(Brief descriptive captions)
-- Opening Marker --

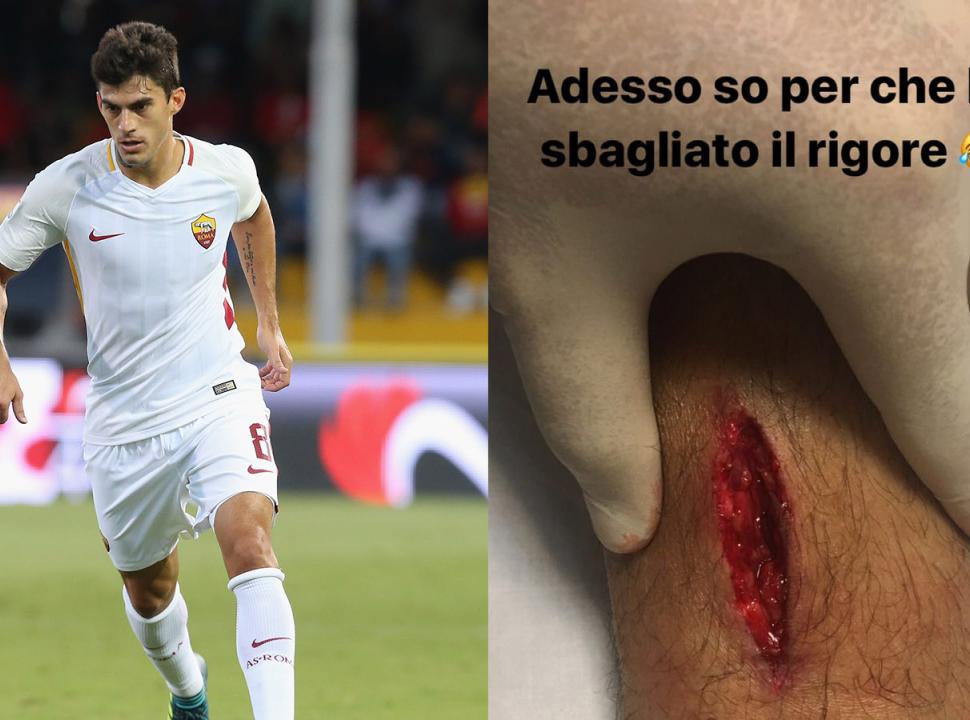 Roma Punti Di Sutura Per Perotti Ecco Perch Ho Fallito Il Rigore Foto Serie A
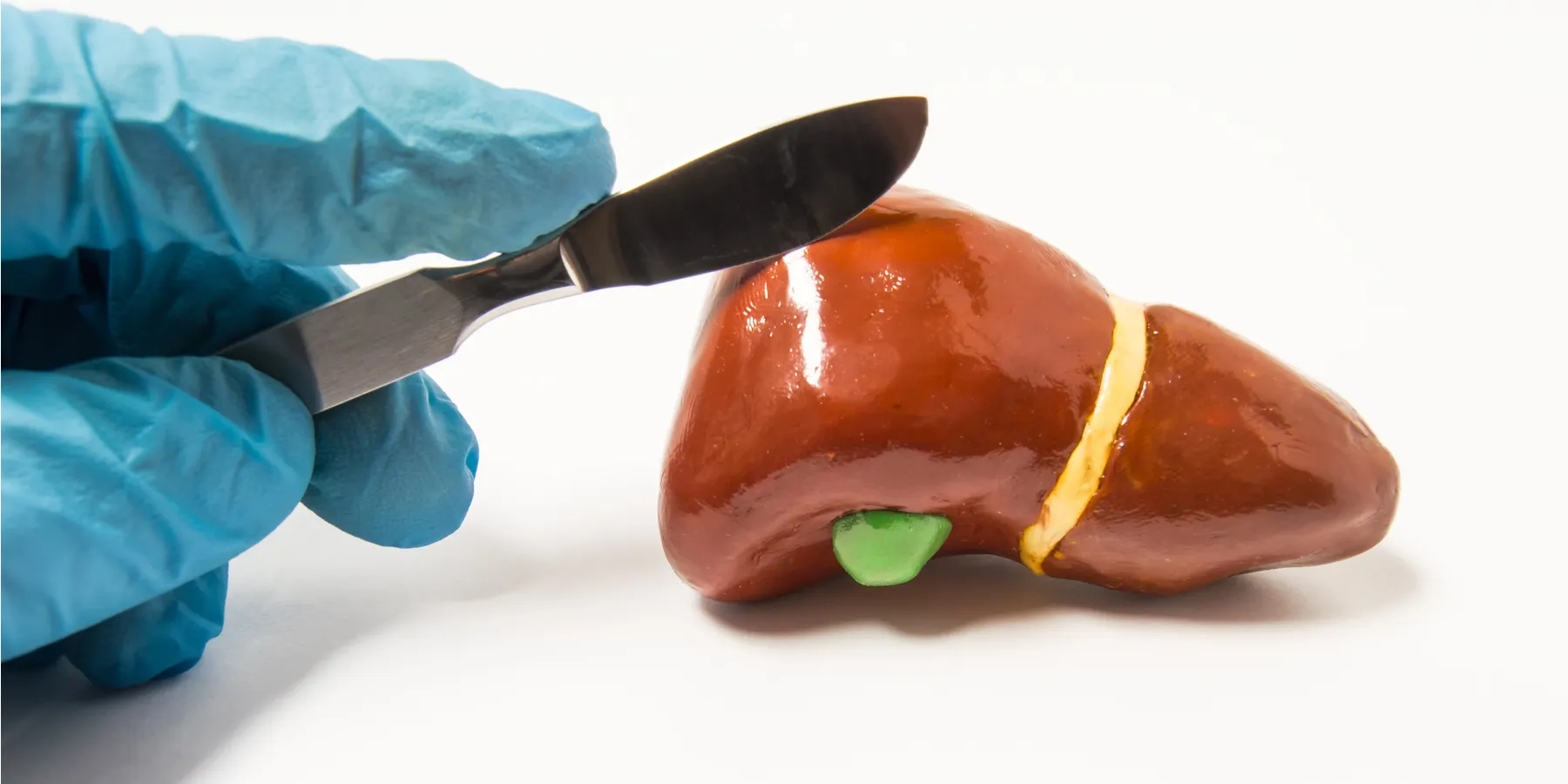 Rationing livers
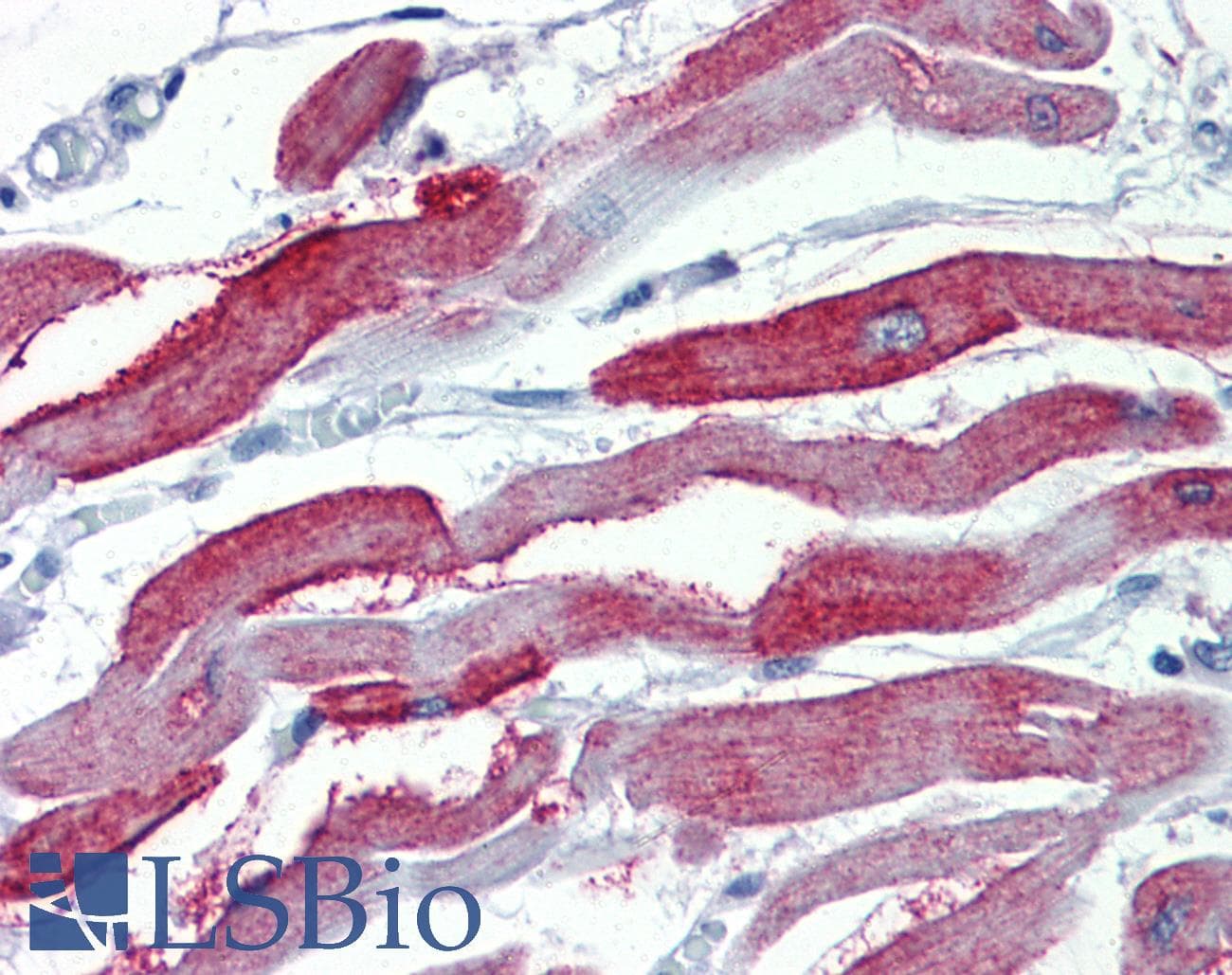IHC-plus™ Junctophilin 2 / JPH2 Antibody
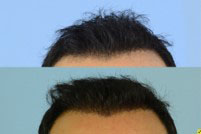 SMP for Thinning Hairlines
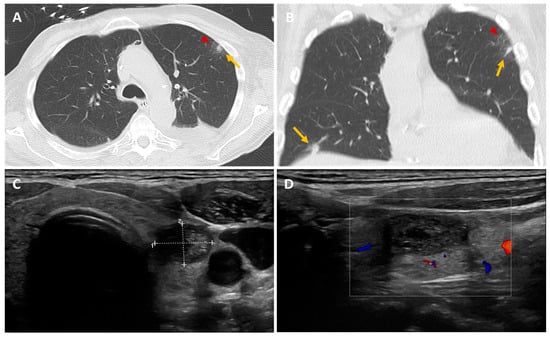 Diagnostics 14 01451 g001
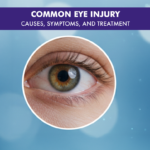 Common Eye Injury
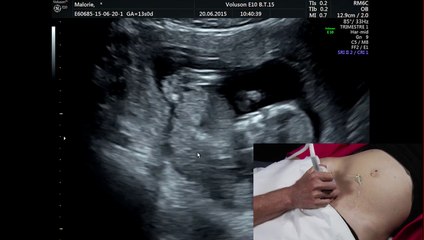 Démonstration live : Mesure du doppler utérin au 1er trimestre de la grossesse.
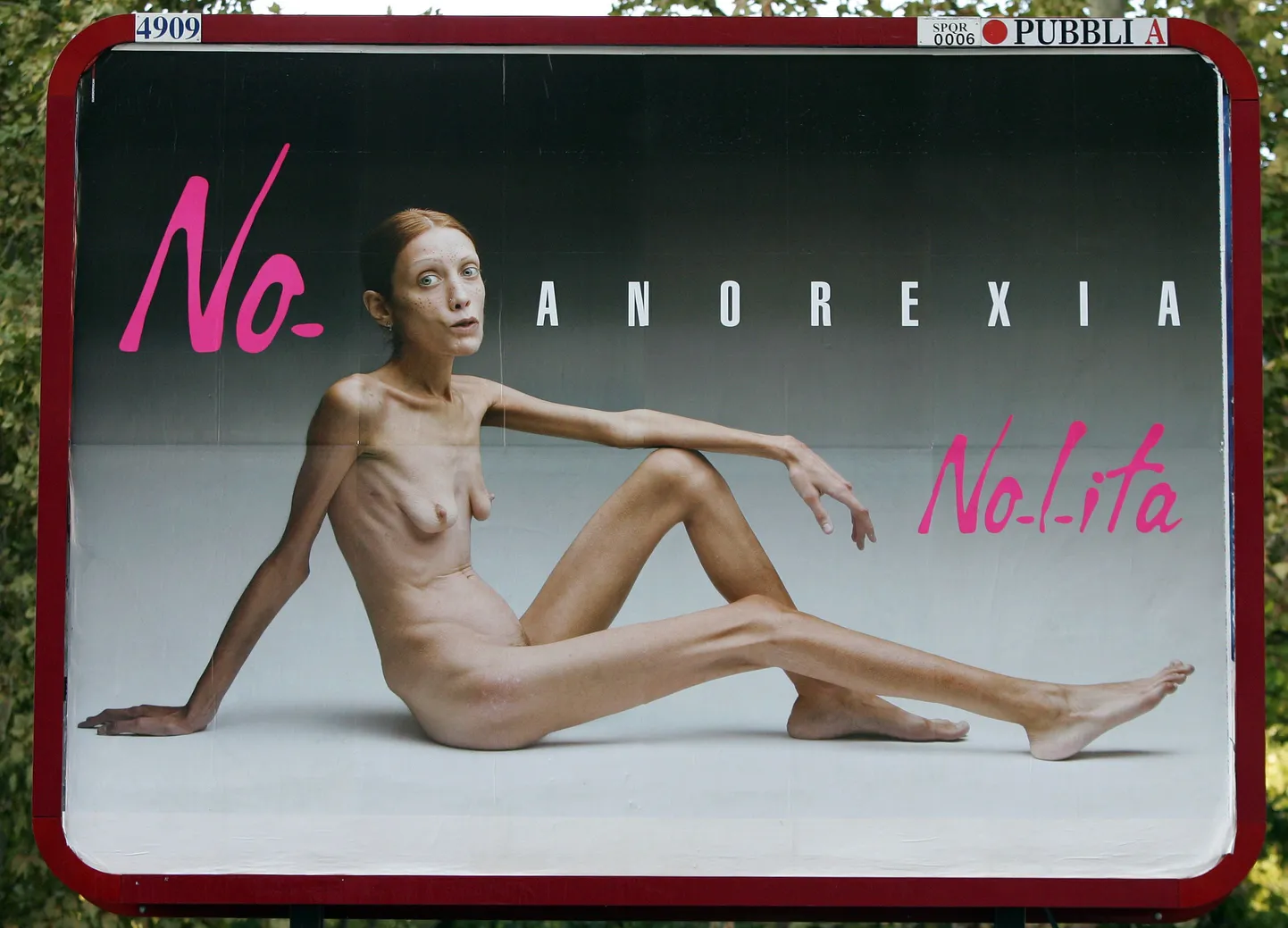 Французская актриса Изабель Каро, страдавшая от анорексии.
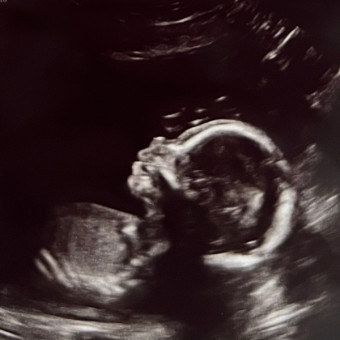 Lexy & Austin’s Baby Registry Photo.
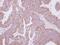 Autophagy Related 4B Cysteine Peptidase antibody, GTX115678, GeneTex, Immunohistochemistry paraffin image 
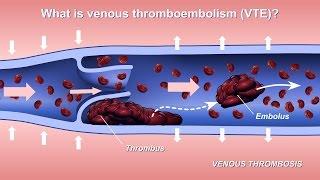 Understanding and Diagnosing Venous Thromboembolism VTE [upl. by Aniale]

-- Closing Marker --

> [TASK DIRECTIONS]:
The copy should begin at the line containing "Démonstration live : Mesure" and end at the last line of the data above; please restate those lines word for word without the pictures.

> [SOLUTION TO THIS EXERCISE]:
 Démonstration live : Mesure du doppler utérin au 1er trimestre de la grossesse.
 Французская актриса Изабель Каро, страдавшая от анорексии.
 Lexy & Austin’s Baby Registry Photo.
 Autophagy Related 4B Cysteine Peptidase antibody, GTX115678, GeneTex, Immunohistochemistry paraffin image 
 Understanding and Diagnosing Venous Thromboembolism VTE [upl. by Aniale]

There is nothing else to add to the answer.